Senior System Design Interview: Identity Verification System

This is a real senior-level system design interview walkthrough. Each section is a follow-up question an interviewer might ask — answered at staff/lead level. Read it like a conversation.

The Opening Question

"Design a system for identity verification with high read traffic.
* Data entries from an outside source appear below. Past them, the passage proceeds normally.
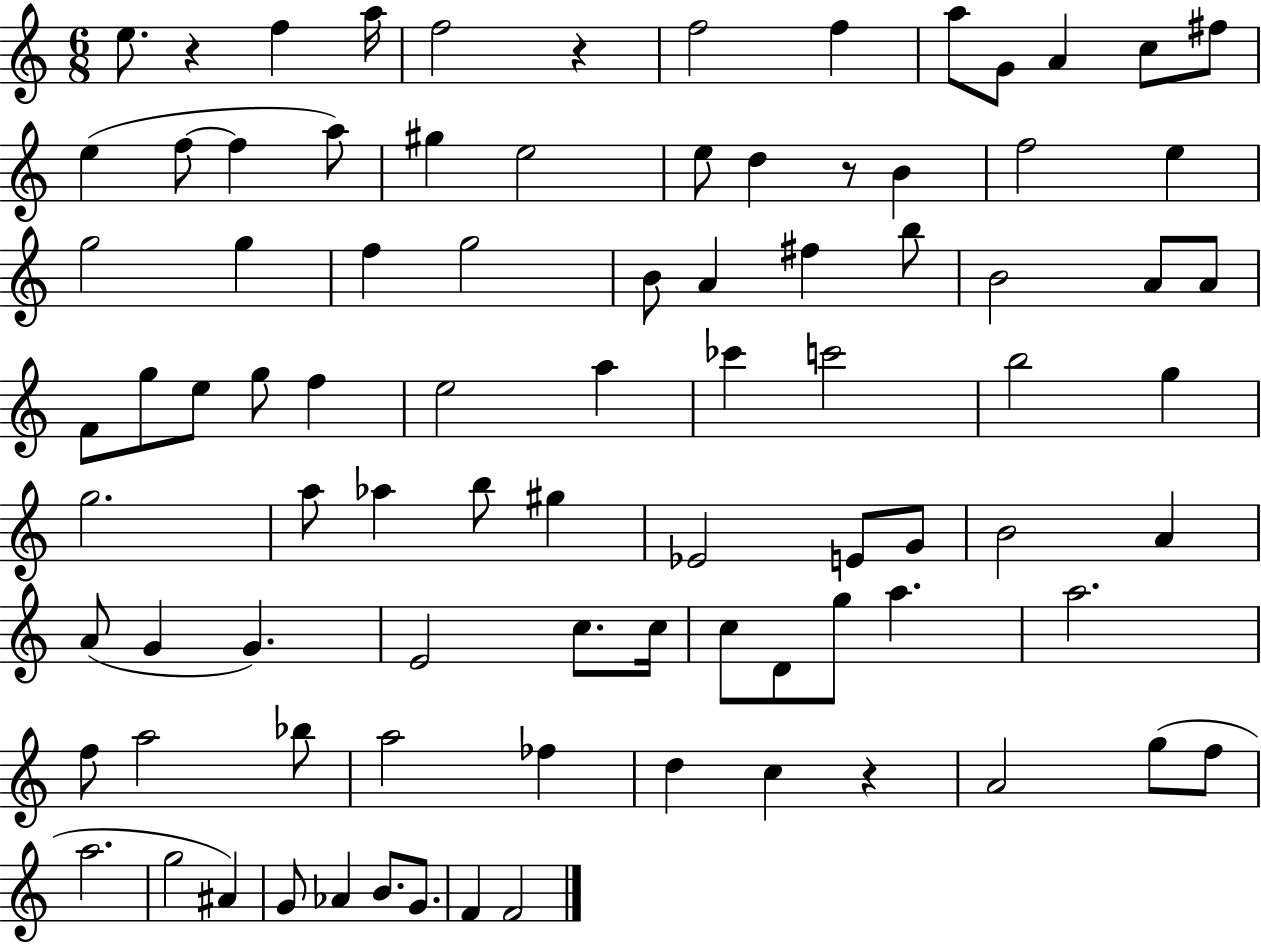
{
  \clef treble
  \numericTimeSignature
  \time 6/8
  \key c \major
  \repeat volta 2 { e''8. r4 f''4 a''16 | f''2 r4 | f''2 f''4 | a''8 g'8 a'4 c''8 fis''8 | \break e''4( f''8~~ f''4 a''8) | gis''4 e''2 | e''8 d''4 r8 b'4 | f''2 e''4 | \break g''2 g''4 | f''4 g''2 | b'8 a'4 fis''4 b''8 | b'2 a'8 a'8 | \break f'8 g''8 e''8 g''8 f''4 | e''2 a''4 | ces'''4 c'''2 | b''2 g''4 | \break g''2. | a''8 aes''4 b''8 gis''4 | ees'2 e'8 g'8 | b'2 a'4 | \break a'8( g'4 g'4.) | e'2 c''8. c''16 | c''8 d'8 g''8 a''4. | a''2. | \break f''8 a''2 bes''8 | a''2 fes''4 | d''4 c''4 r4 | a'2 g''8( f''8 | \break a''2. | g''2 ais'4) | g'8 aes'4 b'8. g'8. | f'4 f'2 | \break } \bar "|."
}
How would you approach this?"

What the interviewer is really asking

They want to see if you understand:

System design — service separation, API design
Data modeling — schemas, consistency
Scalability — caching, indexing, read replicas
Compliance awareness — auditability, traceability

Strong answer

I would start by separating the system into a dedicated Verification Service responsible for handling identity validation, storing verification results, and exposing APIs for other parts of the system.
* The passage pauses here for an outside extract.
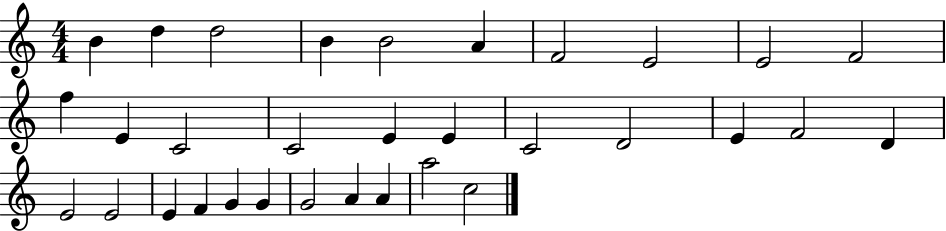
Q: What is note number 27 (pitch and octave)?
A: G4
For the data layer, I would use a relational database (PostgreSQL) to store structured verification data — user identity attributes, verification states, timestamps, and audit logs. Given the compliance-heavy domain, data integrity and traceability are non-negotiable.

Since the system will have high read traffic (checking if a user is verified), I would optimize for reads by:

Introducing Redis caching for frequently accessed verification status and profile summaries
Structuring the data model to separate write-heavy and read-heavy workloads — normalized schema for writes, denormalized views for reads
Adding read replicas for larger scale

I would expose the verification service via a well-defined API layer, and introduce asynchronous processing (message queues) for document verification workflows or external API calls.
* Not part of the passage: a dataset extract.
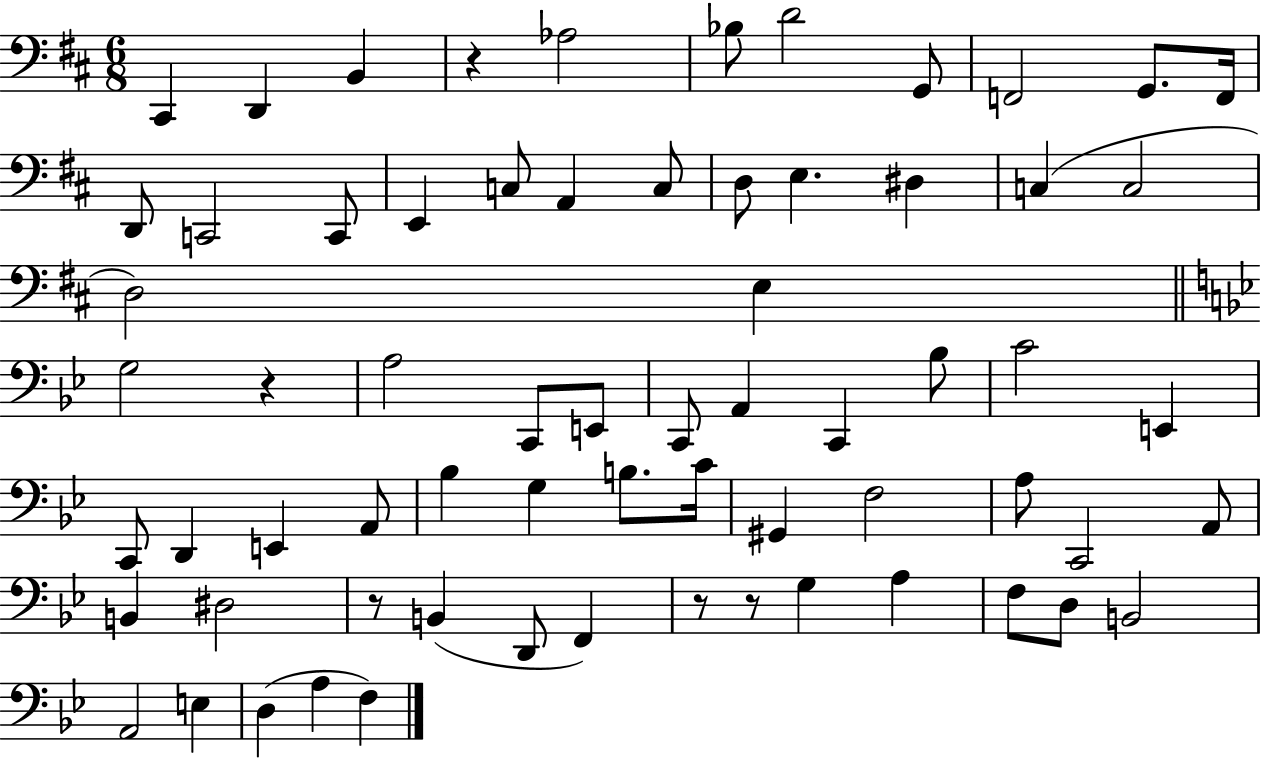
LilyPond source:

Bonus line: "I would also consider event-driven architecture for tracking verification changes and ensuring consistency across services."

Follow-up: Database Schema for Auditability

"What table structures and indexing strategies would you consider essential?"

Strong answer

I would design the schema to separate operational data from audit data.

Primary table (verification_records) — current state only:

SQL

CREATE TABLE verification_records (
  id               uuid PRIMARY KEY DEFAULT gen_random_uuid(),
  user_id          text NOT NULL,
  status           text NOT NULL, -- PENDING | IN_PROGRESS | VERIFIED | REJECTED
  version          int NOT NULL DEFAULT 1,
  updated_at       timestamptz DEFAULT now()
);

Append-only audit table (verification_audit_log):

SQL

CREATE TABLE verification_audit_log (
  id           uuid PRIMARY KEY DEFAULT gen_random_uuid(),
  entity_id    text NOT NULL,
  action       text NOT NULL, -- created | updated | verified | rejected
  performed_by text NOT NULL,
  previous_val jsonb,
  new_val      jsonb,
  created_at   timestamptz DEFAULT now()
);

Read model (user_verification_summary) — for fast lookups:

SQL

CREATE TABLE user_verification_summary (
  user_id            text PRIMARY KEY,
  verification_status text NOT NULL,
  last_verified_at   timestamptz
);

Indexing strategy:

SQL

-- Operational queries
CREATE INDEX idx_verifications_user ON verification_records(user_id);
CREATE INDEX idx_verifications_status ON verification_records(user_id, status);

-- Audit history
CREATE INDEX idx_audit_entity_time ON verification_audit_log(entity_id, created_at DESC);

For very large audit logs, use table partitioning by date to keep queries fast.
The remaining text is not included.